Cummings worked with Thomas Edison as a personal assistant and technical writer from 1914 to 1919. His most highly regarded work was the novel The Girl in the Golden Atom published in 1922. His career resulted in some 750 novels and short stories, using also the pen names Ray King, Gabrielle Cummings, and Gabriel Wilson.
Genre: Fiction > Sci-Fi/Fantasy
The Fire People (1922)
It was a fiery invasion from another planet! No one could have suspected that Earth was in mortal danger. It started with a small meteor streaking across the sky before smashing into the Earth’s surface. But the event was so much more than a simple collision between Earth and a wandering piece of space rubble. A strange glow began to radiate from the meteor, a glow unlike anything known to Earthly science; and with these emanations came death-horrifying, incendiary death-because anything coming into contact with that light was immediately destroyed.
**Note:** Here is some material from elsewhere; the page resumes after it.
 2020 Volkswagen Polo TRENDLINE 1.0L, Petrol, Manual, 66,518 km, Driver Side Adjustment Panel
And soon the fate of Earth fell into the hands of an inquisitive newspaper reporter and a brilliant professor of science as they strived to save mankind from its first interplanetary threat-an attack on Earth from her distant neighbor in the sky – Mercury.
The Shadow Girl (1922)
A mysterious tower appears in the middle of a city, bearing a troubled girl from the future in search of help from today. One of Cummings’ best works, THE SHADOW GIRL remains thoroughly readable and enjoyable even though it was first published more than eighty years ago. "He is a Verne returned and a Wells going forward," remarked "Bob" Davis, dean of American magazine editors. "He is the American H.G. Wells," say other critics. Cummings has an unusual flair for things scientific as evidenced by the fact that while at Princeton University he accomplished the remarkable feat of absorbing three years of physics in that many months. His five years’ association with Thomas Edison as the latter’s personal assistant also added to Cummings’s scientific knowledge. His bizarre early life, living on orange plantations in Puerto Rico, striking oil in Wyoming, gold seeking in British Columbia, timber cruising in the North, before he was twenty, also left its imprint.
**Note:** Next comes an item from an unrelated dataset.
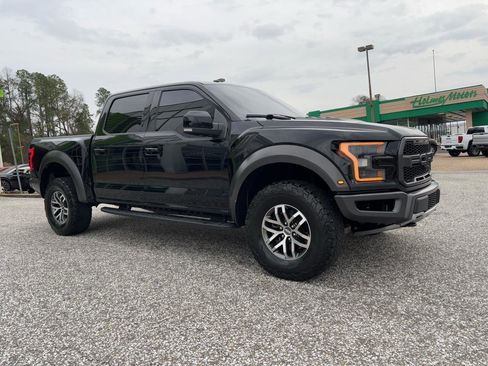 Used 2018 Ford F150 Raptor w/ Equipment Group 802A Luxury image 7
The Girl in the Golden Atom (1923)
A classic work of science fiction, this novel was one of the first to explore the world of the atom. The Girl in the Golden Atom is the story of a young chemist who finds a hidden atomic world within his mother’s wedding ring. Under a microscope, he sees within the ring a beautiful young woman sitting before a cave. Enchanted by her, he shrinks himself so that he can join her world. Having worked for Thomas Alva Edison, Ray Cummings was inspired by science’s possibilities and began to write science fiction. The Girl in the Golden Atom was enormously successful at its publication in 1923, and Cummings went on to write an equally successful sequel, The People of the Golden Atom.
The Man who Mastered Time (1924)
It took what seemed but half a day’s traveling to traverse the 28,000 years that separated Loto Rogers from the most beautiful girl he had ever seen. He had expected to find mighty cities and a flowering civilization in that future world, but instead he found only ice and snow—and Azeela.
The Exile of Time (1931)
When a girl who said she had been kidnapped from the year 1777 appeared in modern New York, she was either deluded or the victim of an incredible time-spanning plot. And when it turned out the strange man with a mechanical servant who had kidnapped her had been seen in other centuries, it became clear that a super-scientific plot was afoot that must reach far into the unknown cities of the future. THE EXILE OF TIME is a novel of adventure and wonder such as only the hand of a classic master of science-fiction could have written.